UK data is strictly mid-tier this week, with GBP traders looking ahead to Industrial and Manufacturing Production figures due in the back half of the trading week on Thursday. A couple of appearances from Bank of England (BoE) policymakers are slated for early Wednesday but are not expected to rock the policy boat.
Thursday’s UK Industrial Production in May is expected to rebound to 0.2% MoM from the previous month’s -0.9% contraction, and UK Manufacturing Production is forecast to recover 0.4% MoM from the previous -1.4% decline.
GBP/JPY fell away from fresh 16-year highs above 206.50 set earlier in the week, settling back into familiar intraday territory at the 206.00 handle. Technical pressure is still firmly pinned into the bullish side, but topside momentum is showing signs of petering out, and progress in swing highs is slowly rapidly as bidders run out of gas.
Spinning top daily candles are getting priced into the Guppy charts, and traders should be on the lookout for a retreat to the 50-day Exponential Moving Average (EMA) near 200.00. Despite odds of a near-term pullback, the long-term trend heavily favors the bulls, and a rebound from major technical levels could be on the cards looking forward.
The Pound Sterling (GBP) is the oldest currency in the world (886 AD) and the official currency of the United Kingdom. It is the fourth most traded unit for foreign exchange (FX) in the world, accounting for 12% of all transactions, averaging $630 billion a day, according to 2022 data. Its key trading pairs are GBP/USD, aka ‘Cable’, which accounts for 11% of FX, GBP/JPY, or the ‘Dragon’ as it is known by traders (3%), and EUR/GBP (2%). The Pound Sterling is issued by the Bank of England (BoE).
The single most important factor influencing the value of the Pound Sterling is monetary policy decided by the Bank of England. The BoE bases its decisions on whether it has achieved its primary goal of “price stability” – a steady inflation rate of around 2%. Its primary tool for achieving this is the adjustment of interest rates. When inflation is too high, the BoE will try to rein it in by raising interest rates, making it more expensive for people and businesses to access credit. This is generally positive for GBP, as higher interest rates make the UK a more attractive place for global investors to park their money. When inflation falls too low it is a sign economic growth is slowing. In this scenario, the BoE will consider lowering interest rates to cheapen credit so businesses will borrow more to invest in growth-generating projects.
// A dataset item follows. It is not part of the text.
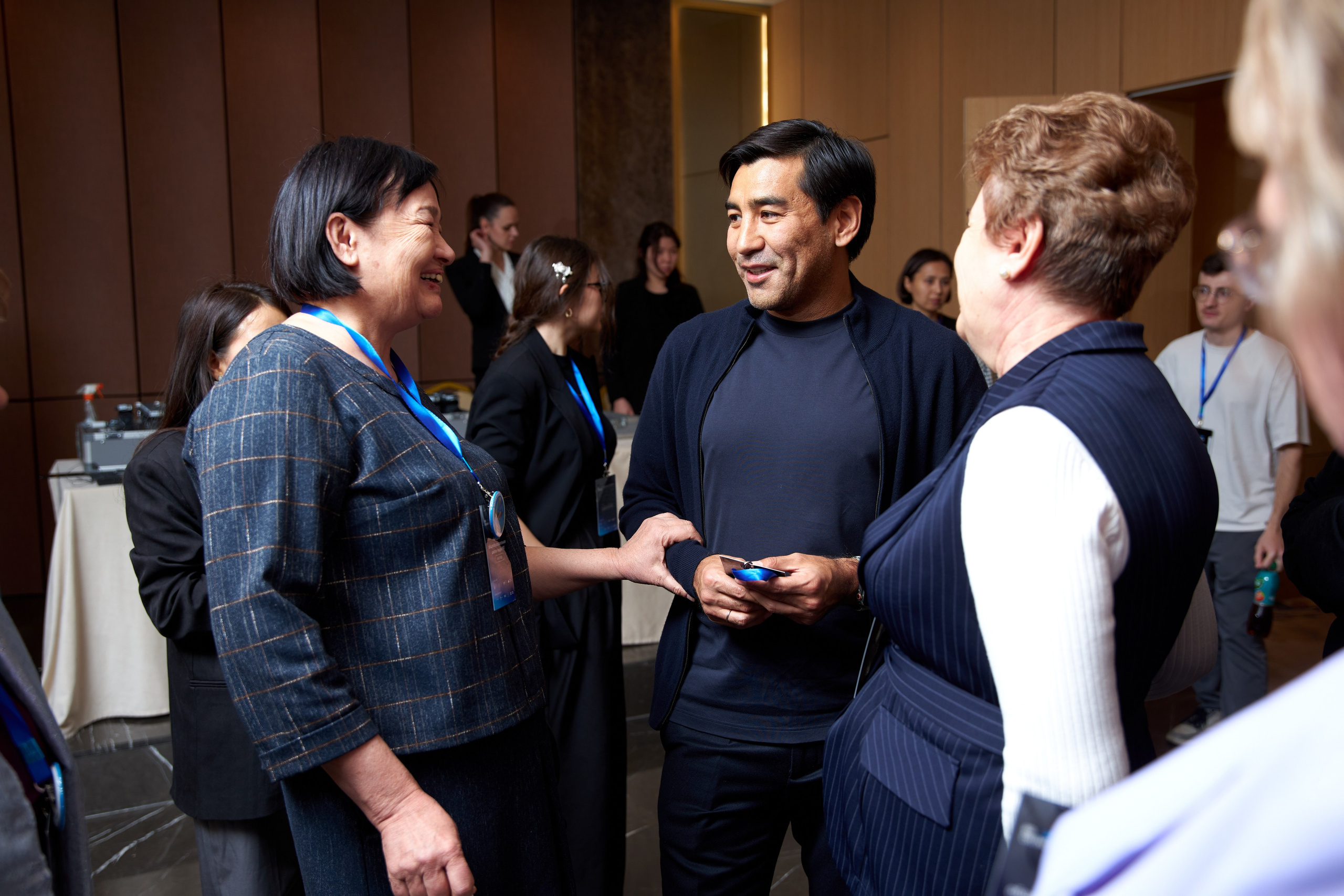 Конференция. Свадебный и студийный фотограф в Алматы Ильяс Кырбаев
Data releases gauge the health of the economy and can impact the value of the Pound Sterling. Indicators such as GDP, Manufacturing and Services PMIs, and employment can all influence the direction of the GBP. A strong economy is good for Sterling. Not only does it attract more foreign investment but it may encourage the BoE to put up interest rates, which will directly strengthen GBP. Otherwise, if economic data is weak, the Pound Sterling is likely to fall.
Another significant data release for the Pound Sterling is the Trade Balance. This indicator measures the difference between what a country earns from its exports and what it spends on imports over a given period. If a country produces highly sought-after exports, its currency will benefit purely from the extra demand created from foreign buyers seeking to purchase these goods. Therefore, a positive net Trade Balance strengthens a currency and vice versa for a negative balance.